Robust GPS-Agnostic Navigation - Visual Planning, Estimation and Control for MAVs

With all the talk of integrating drones into civilian airspace, there is need for better safety and GPS-agnostic navigation methods - visual navigation and obstacle avoidance is paramount to integrating drones (micro-aerial-vehicles, MAVs) into our cities and elsewhere, because external navigation aids cannot be relied on in every situation, and neither can pilot experience.

Visual navigation is the solution to these challenges, and we present an aerial robot designed from scratch and ground up to meet these requirements. We demonstrate several facets of the system, including visual-inertial SLAM for state estimation, dense realtime volumetric mapping, obstacle avoidance and continuous path-planning.
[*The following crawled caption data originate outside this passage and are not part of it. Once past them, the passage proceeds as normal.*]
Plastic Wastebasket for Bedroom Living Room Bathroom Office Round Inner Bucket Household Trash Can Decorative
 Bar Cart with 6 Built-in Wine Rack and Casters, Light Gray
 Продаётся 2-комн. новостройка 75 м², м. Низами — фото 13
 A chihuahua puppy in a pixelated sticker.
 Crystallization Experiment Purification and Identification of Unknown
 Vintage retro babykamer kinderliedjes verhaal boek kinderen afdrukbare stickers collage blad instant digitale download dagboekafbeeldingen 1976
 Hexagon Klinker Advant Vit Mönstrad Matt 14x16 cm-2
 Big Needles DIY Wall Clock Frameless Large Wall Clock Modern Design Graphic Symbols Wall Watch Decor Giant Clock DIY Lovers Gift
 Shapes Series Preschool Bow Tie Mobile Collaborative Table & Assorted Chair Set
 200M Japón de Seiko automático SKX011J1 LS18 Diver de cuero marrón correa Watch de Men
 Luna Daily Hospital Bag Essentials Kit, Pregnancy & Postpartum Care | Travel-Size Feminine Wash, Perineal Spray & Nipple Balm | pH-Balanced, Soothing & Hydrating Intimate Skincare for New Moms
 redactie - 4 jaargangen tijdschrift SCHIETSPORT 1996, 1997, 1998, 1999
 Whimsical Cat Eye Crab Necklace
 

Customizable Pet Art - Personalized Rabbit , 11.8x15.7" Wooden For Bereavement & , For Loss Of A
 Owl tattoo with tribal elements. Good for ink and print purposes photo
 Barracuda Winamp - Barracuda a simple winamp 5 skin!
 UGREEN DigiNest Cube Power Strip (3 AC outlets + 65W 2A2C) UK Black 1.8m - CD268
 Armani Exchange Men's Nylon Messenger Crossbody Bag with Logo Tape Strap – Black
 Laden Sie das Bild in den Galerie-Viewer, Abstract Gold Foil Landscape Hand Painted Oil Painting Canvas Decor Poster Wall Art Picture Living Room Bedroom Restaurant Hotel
In search of better extensibility, and better fitness for the research goals I had pitted myself towards, I started working as a part of the open-source PX4 Autopilot development community in 2013. Aware of the limitations in the field, I started Artemis, my research project on visual navigation for aerial vehicles in 2014. Today, I'm happy to present our intermediary (and satisfying!) results.

At its very core, Project Artemis is a research project which aims to provide improved navigation solutions for UAVs.

All of the Artemis MAVs follow the same basic, distributed  system architecture. There is a high-level onboard computer, and a low-level embedded flight controller, typically a PX4 autopilot board, or similar derivative. The middleware of choice on the high-level companion computer is ROS (Robot Operating System) and the PX4 Middleware on the deeply embedded controller.


Visual Navigation

Multiple cameras provide proprioceptive information about the environment, used for mapping and localisation. Forward stereo cameras are used to compute depth images in realtime.


All cameras are synchronised in time with respect to each other, and to the IMU (Inertial Measurement Unit) of the flight controller. Depth images are inserted into a volumetric mapping framework based on an Octree representation, and a 3D map of the environment is built incrementally onboard the vehicle.

We also use a SLAM (Simultaneous Localisation and Mapping) technique on our robot. The system continuously constructs a sparse map of the environment which is optimised in the background. Visual SLAM is globally consistent, and centimetre-level accurate unlike GPS, and works both indoors and outdoors. Tight fusion with time-synchronised inertial measurements greatly increases robustness and accuracy.


State Estimation


The system is designed to navigate using all available sensors in the environment, which includes both GPS and vision outdoors and pure vision indoors. Since sensor availability is not guaranteed, a modular sensor fusion approach using a hybrid Kalman filter with fault detection is used to maintain a robust state estimate. Motivation to use all the information from all the sensors is that even if a particular subset or module were to fail, the overall system performance would not be compromised.

Obstacle Avoidance

The global volumetric map is used to continuously compute a collision-free trajectory for the vehicle. In operator-assist mode, the motion planner only intervenes if the operator’s high-level position commands could lead to a possible collision. In autonomous modes, the planner computes optimal trajectories based on a next-best-view analysis in order to optimise 3D reconstruction. The planner sends its commands to the minimum-snap trajectory controller running on the low-level flight controller, which computes motor outputs.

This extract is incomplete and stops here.